» **Exercise aim**
Restate word for word the section of the entries that opens at the line containing "2025 Volkswagen Atlas" and closes at the line containing "Immeuble 157 m² - Photo 1", both lines kept, pictures dropped.

» **Exercise data**
-----

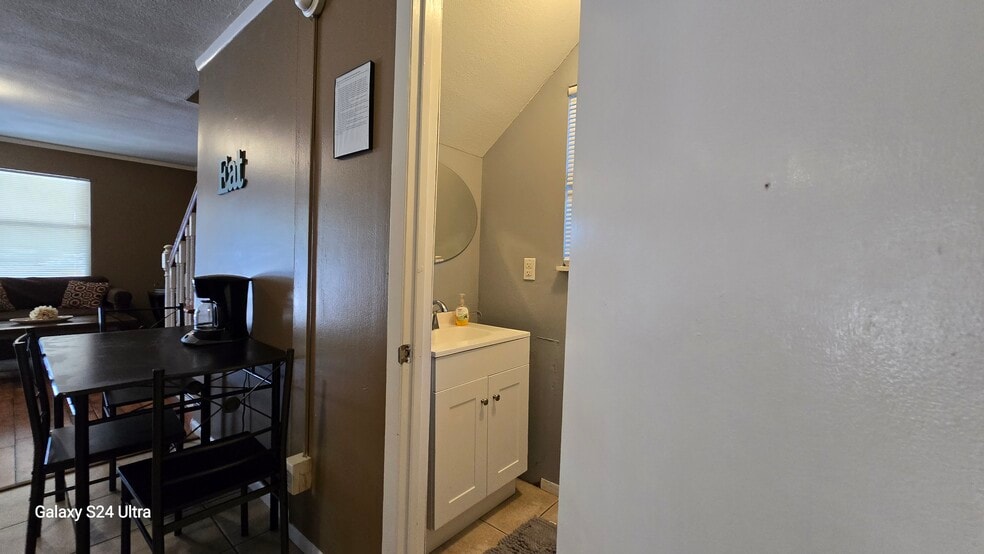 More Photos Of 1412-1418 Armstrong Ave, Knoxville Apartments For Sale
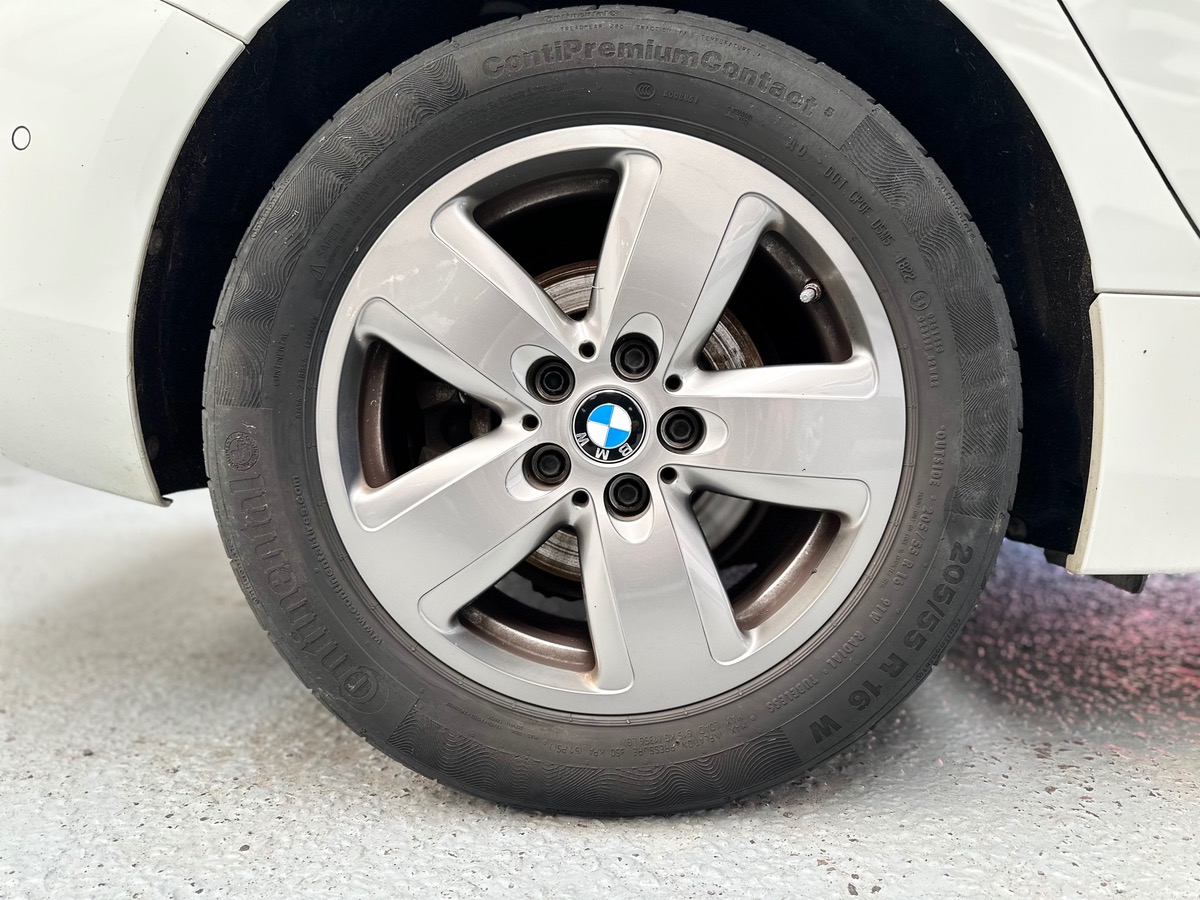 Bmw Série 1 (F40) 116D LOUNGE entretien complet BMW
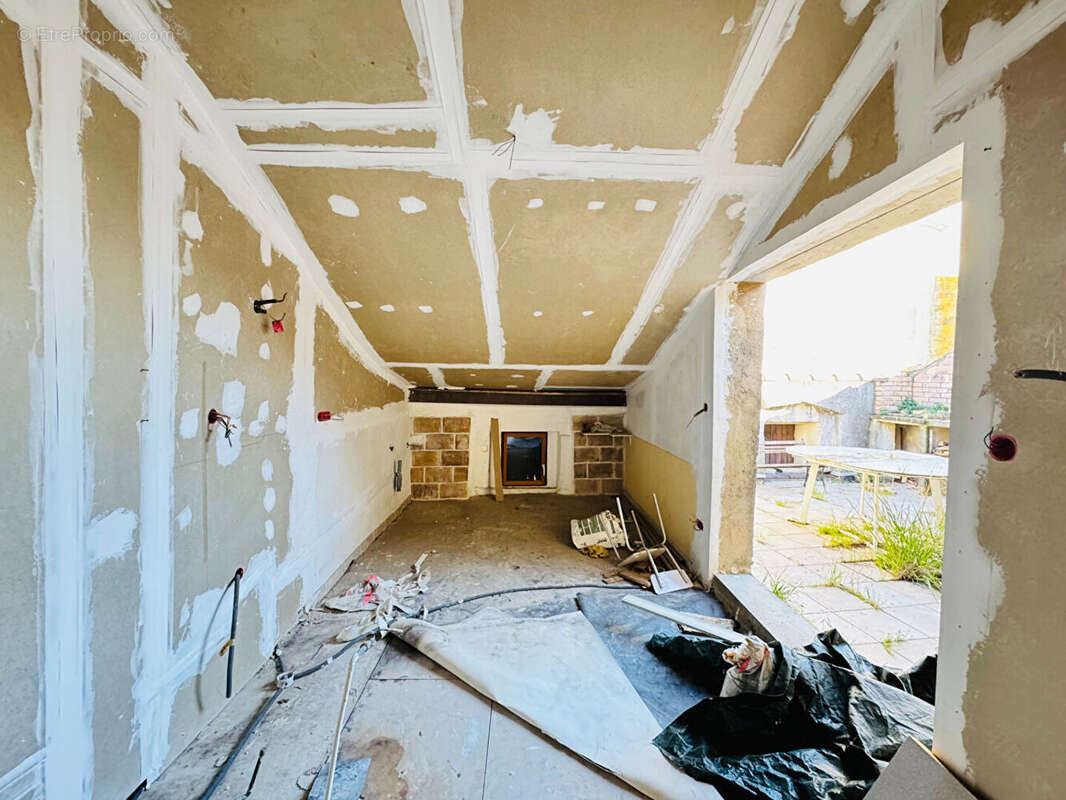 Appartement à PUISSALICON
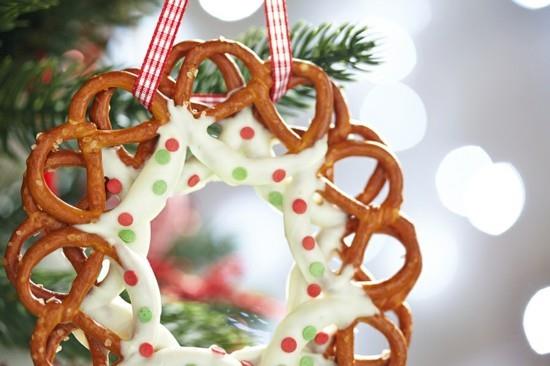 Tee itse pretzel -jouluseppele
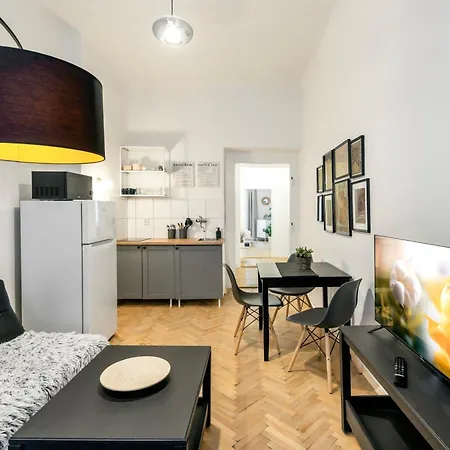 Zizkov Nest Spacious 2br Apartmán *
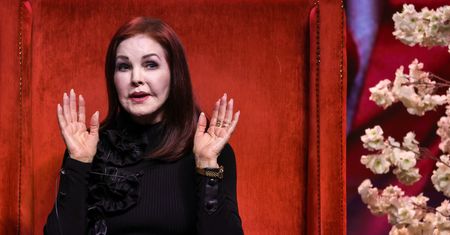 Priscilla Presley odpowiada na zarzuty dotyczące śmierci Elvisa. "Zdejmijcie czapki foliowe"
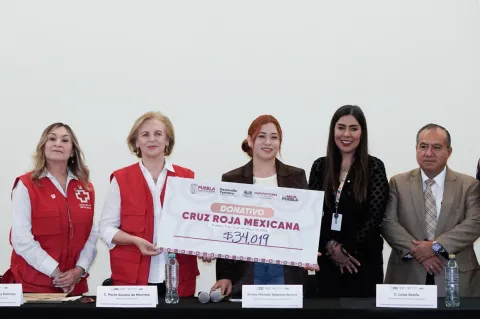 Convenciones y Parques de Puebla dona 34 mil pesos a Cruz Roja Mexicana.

-----

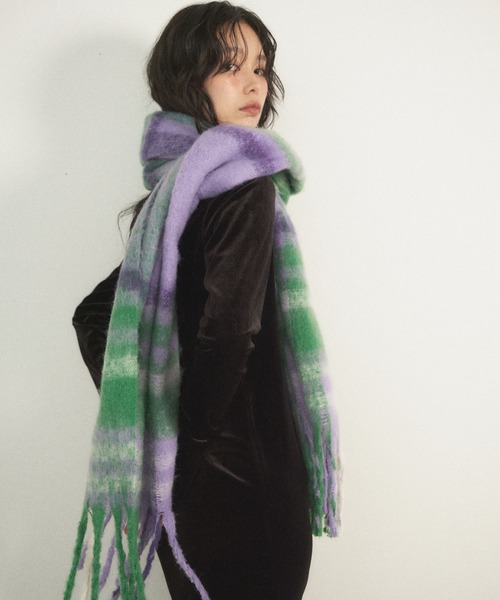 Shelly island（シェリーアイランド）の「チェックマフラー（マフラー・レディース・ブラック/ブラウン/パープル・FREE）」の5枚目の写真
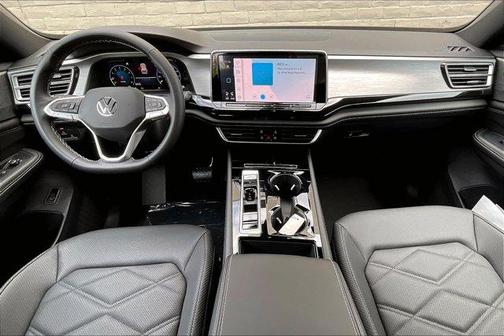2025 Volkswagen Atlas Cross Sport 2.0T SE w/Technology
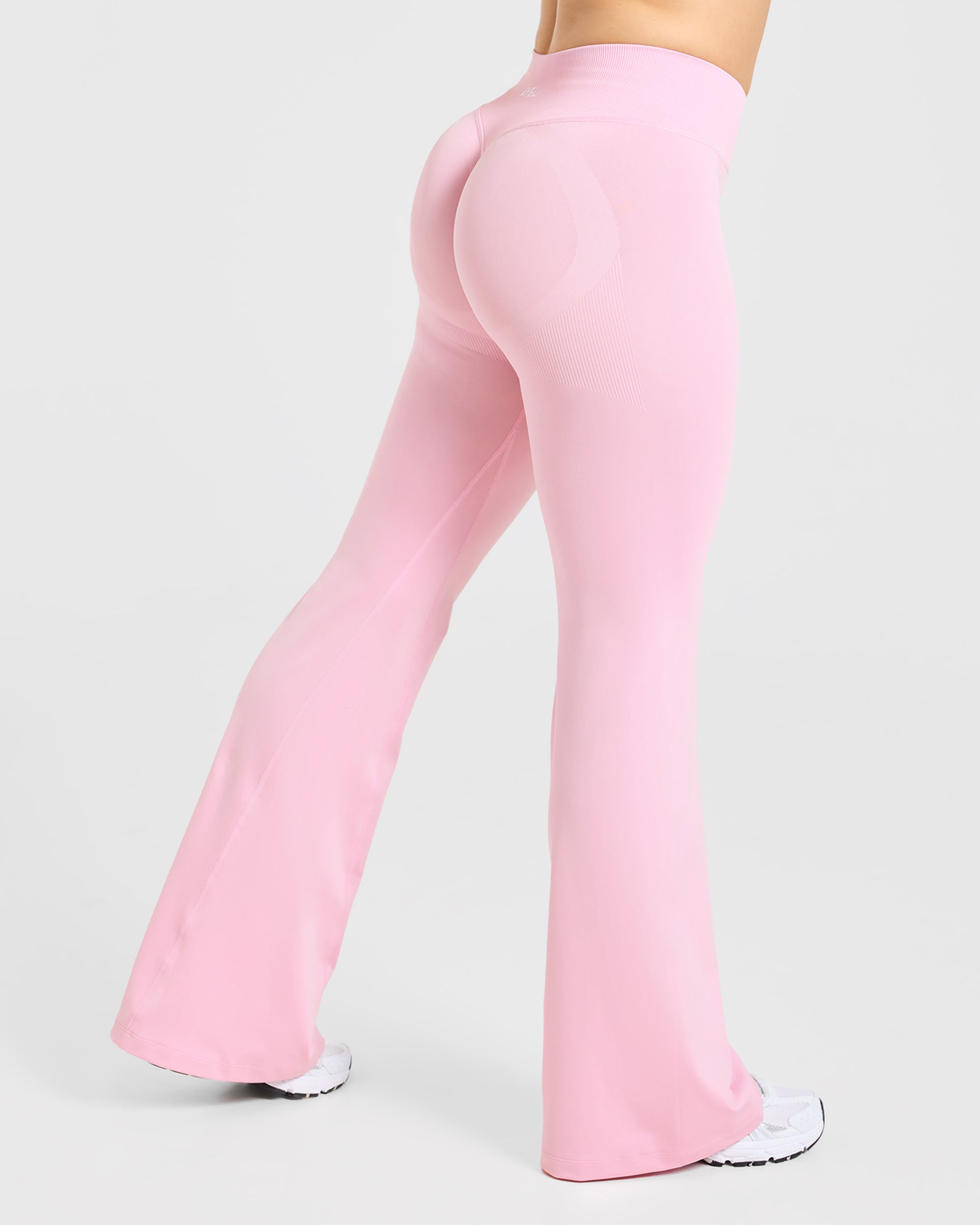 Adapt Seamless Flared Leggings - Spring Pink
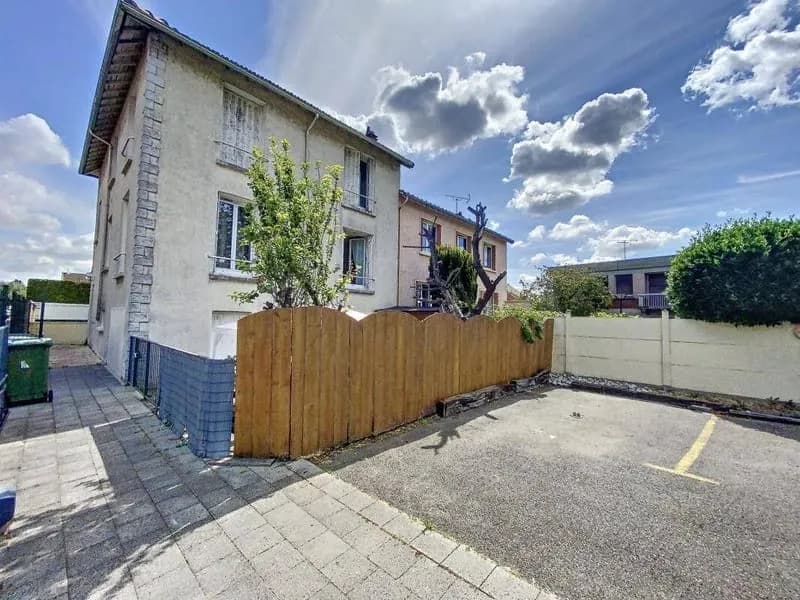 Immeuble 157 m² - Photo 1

-----

» **Response area**
2025 Volkswagen Atlas Cross Sport 2.0T SE w/Technology
 Adapt Seamless Flared Leggings - Spring Pink
 Immeuble 157 m² - Photo 1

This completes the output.